Animal Control director Marli Drum, director of the city of Columbia Animal Services, confirmed Leroy’s incarceration, but wouldn’t comment further, citing Wallace’s pending court case.
Wallace said he purchased the miniature pot-bellied pig three months ago to replace a standard pig that had gotten too big. He said he has PTSD from domestic trauma and the pigs comfort him.
But Wallace said that Leroy has learned to open the gate to the yard when Wallace is away.
“He can even open the refrigerator, which is pretty cool,” he said
Leroy scampers to the school “a sand wedge away” because he wants the attention of the kids.
“He’s still a baby,” Wallace said.
Wallace, 35, who has a construction firm and operates an Ebay store, said he knows that having pigs in the city limits is illegal. But he said the pig is smaller than some dogs.
“I think the law is bull; telling me what I can and can’t have,” he said. “It’s not like it’s a tiger.”
According to the Greenville Zoo, Vietnamese pot-bellied pig are intelligent, docile and affectionate.

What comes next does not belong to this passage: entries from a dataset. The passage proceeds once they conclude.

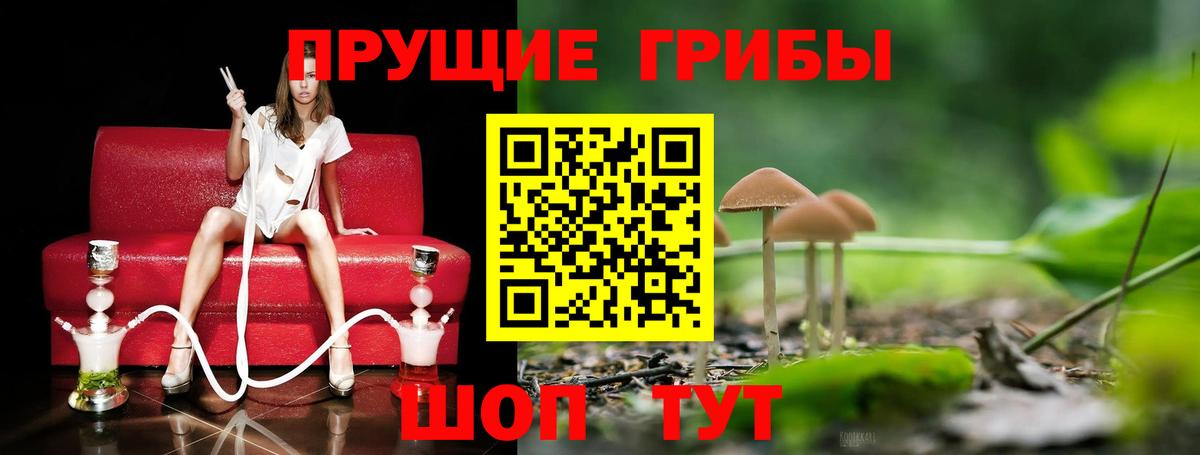 Галлюциногенные грибы мицелий Ипатово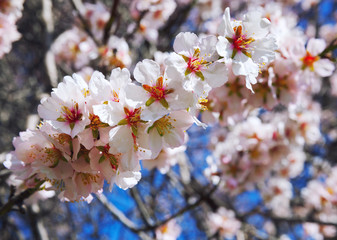 Cherry Blossom trees, Nature and Spring time background.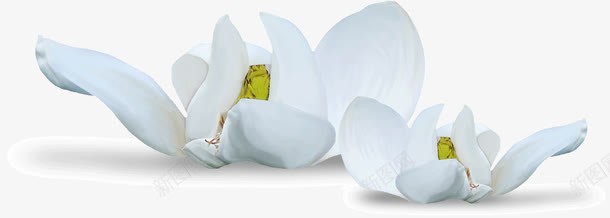 洁白的花朵png免抠素材_新图网 https://ixintu.com 洁白 纯洁 花朵 花瓣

“They have become so popular that there are now more pot-bellied pigs in the United States than anywhere else in the world, even though they only started to be imported from Asia in 1985!” the zoo notes on its website, adding that they have a life span of 12-15 years.
However popular, the pigs are illegal to keep inside the Columbia city limits, according to livestock ordinances.

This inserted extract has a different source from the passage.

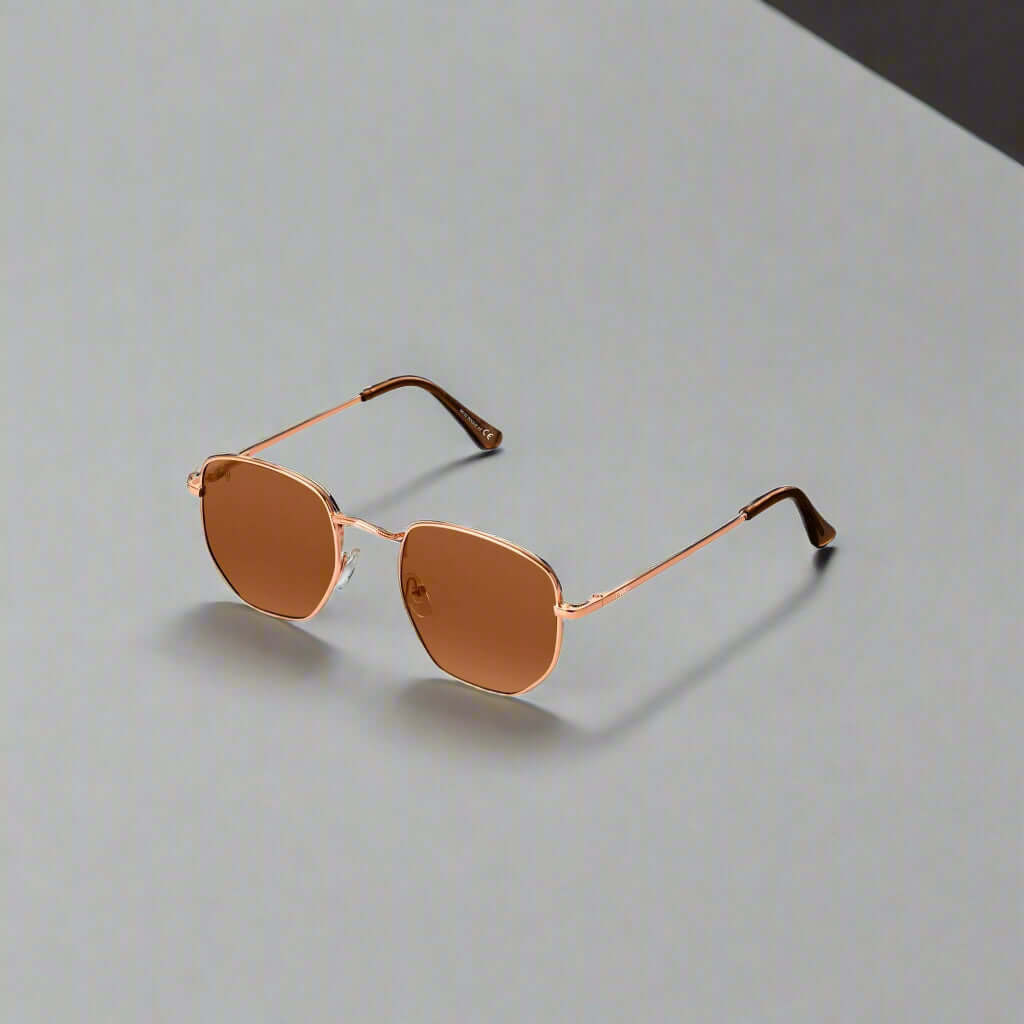 Twig men's and women's sunglasses in assorted styles including aviator, round, and square frames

Caitlyn Viars, a 2014 University of South Carolina grad, can feel Wallace’s pain.
Viars didn’t know that the pigs were illegal when she, on a whim, purchased a baby pot-bellied pig for $40 from a petting zoo at a traveling carnival in 2012.
She named the pig Donna and raised it at her house in Rosewood.

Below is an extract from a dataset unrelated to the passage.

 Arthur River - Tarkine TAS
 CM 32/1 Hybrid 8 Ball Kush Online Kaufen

“She was just a great pet,” said Viars, a product development manager for an apparel company who also skates with the Richland County Regulators roller derby team under the name Barney Rebel.
“She was extremely smart. As smart or smarter than my dog,” Viars said. “She was house trained and would use the restroom in one part of the yard. I was able to harness train her. And she would snuggle up to me. I enjoyed that.”
But the smart pig also would figure out ways to escape from the yard. And finally Viars got a note from animal control that Donna needed to find another home. Donna and Caitlyn both found another home — in Irmo.
“I went through a ton of hassle for not doing my research,” Viars said.
Wallace has posted an apology for letting Leroy escape on social media.
“I want to apologize to my neighbors for being a pain in the butt,” he wrote. “I will now make sure to be a more productive neighbor. If anyone could help me with getting Leroy back that would be great!”
He told The State that if he can get Leroy back, “my yard will be sealed like Fort Knox.”
Richland District 1 spokeswoman Karen York confirmed that the pig showed up at the school and was kept in a fenced kindergarten playground away from the students until animal control officers arrived.
“The pig did find its way from the gentleman’s residence to the campus,” she said. But “no one was playing with the pig.”
Court records show that Leroy first got lose in early August. Wallace was charged with “having an animal at-large” and having an unauthorized animal.
Later last month, Leroy scampered again and visited Brennen uninvited. Wallace was charged a second time for “keeping hogs.”
Friday, Leroy made another unscheduled visit to the school. This time, Leroy ended up in the hoosegow and Wallace faces further charges.
Wallace is scheduled to go to court in October. Each citation carries fine of more than $1,000, he said.
Leroy’s fate is unclear.
“I can’t pay $4,000,” Wallace said. “Maybe I can work something out. I just want to get my pig back.”
Travis Bland contributed to this story.